Scan the records below for the line with "Mug Jolie fille" and the line with "boîte rangement cosmétique", and retype that range exactly, both ends included, pictures excepted.

** Dataset content **
· · ·

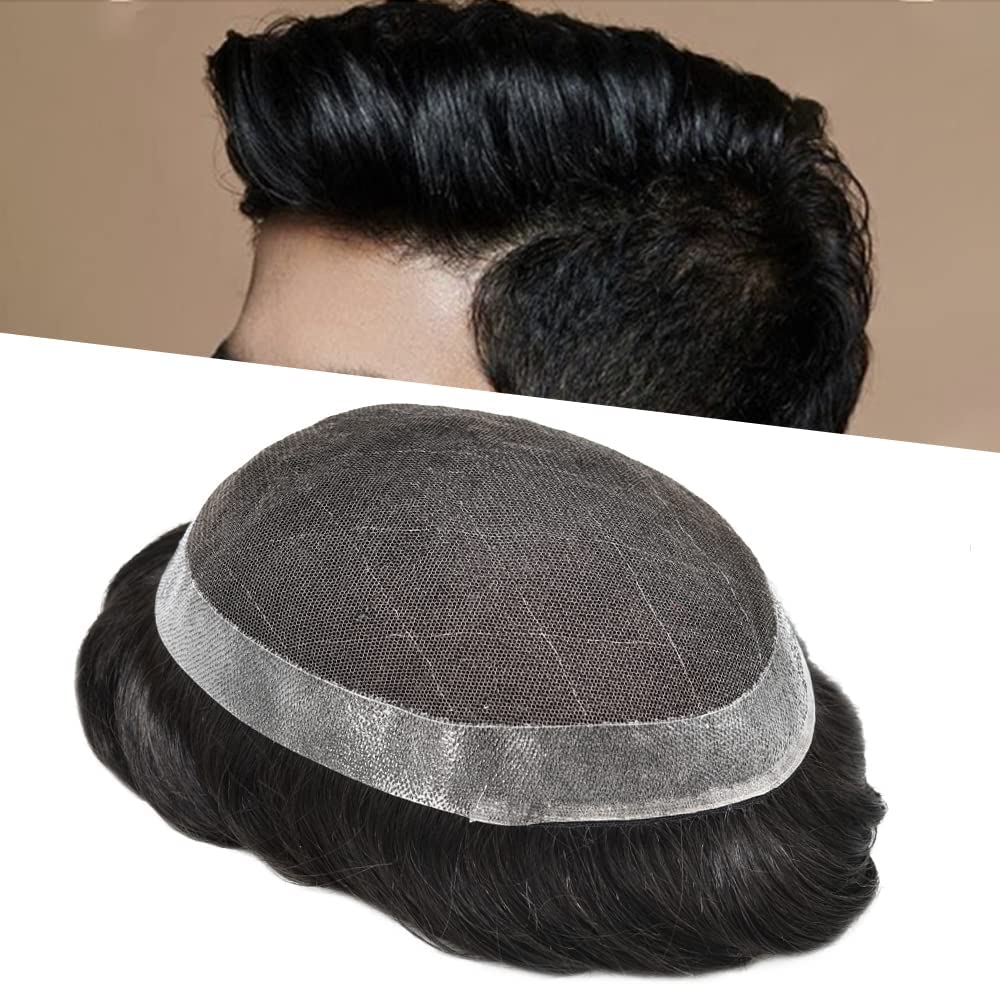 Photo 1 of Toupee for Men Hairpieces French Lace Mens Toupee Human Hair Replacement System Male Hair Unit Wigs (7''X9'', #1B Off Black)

· · ·

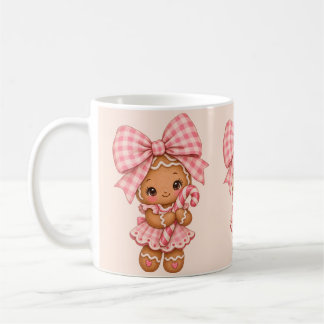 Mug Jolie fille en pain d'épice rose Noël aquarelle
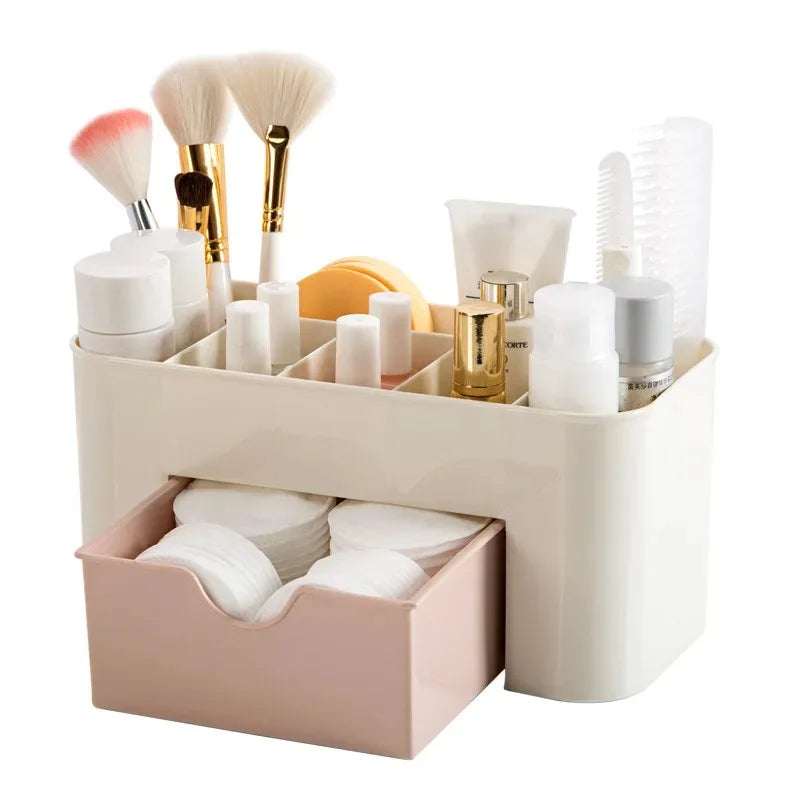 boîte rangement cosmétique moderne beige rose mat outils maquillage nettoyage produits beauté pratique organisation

· · ·

** Answer to this problem **
 Mug Jolie fille en pain d'épice rose Noël aquarelle
 boîte rangement cosmétique moderne beige rose mat outils maquillage nettoyage produits beauté pratique organisation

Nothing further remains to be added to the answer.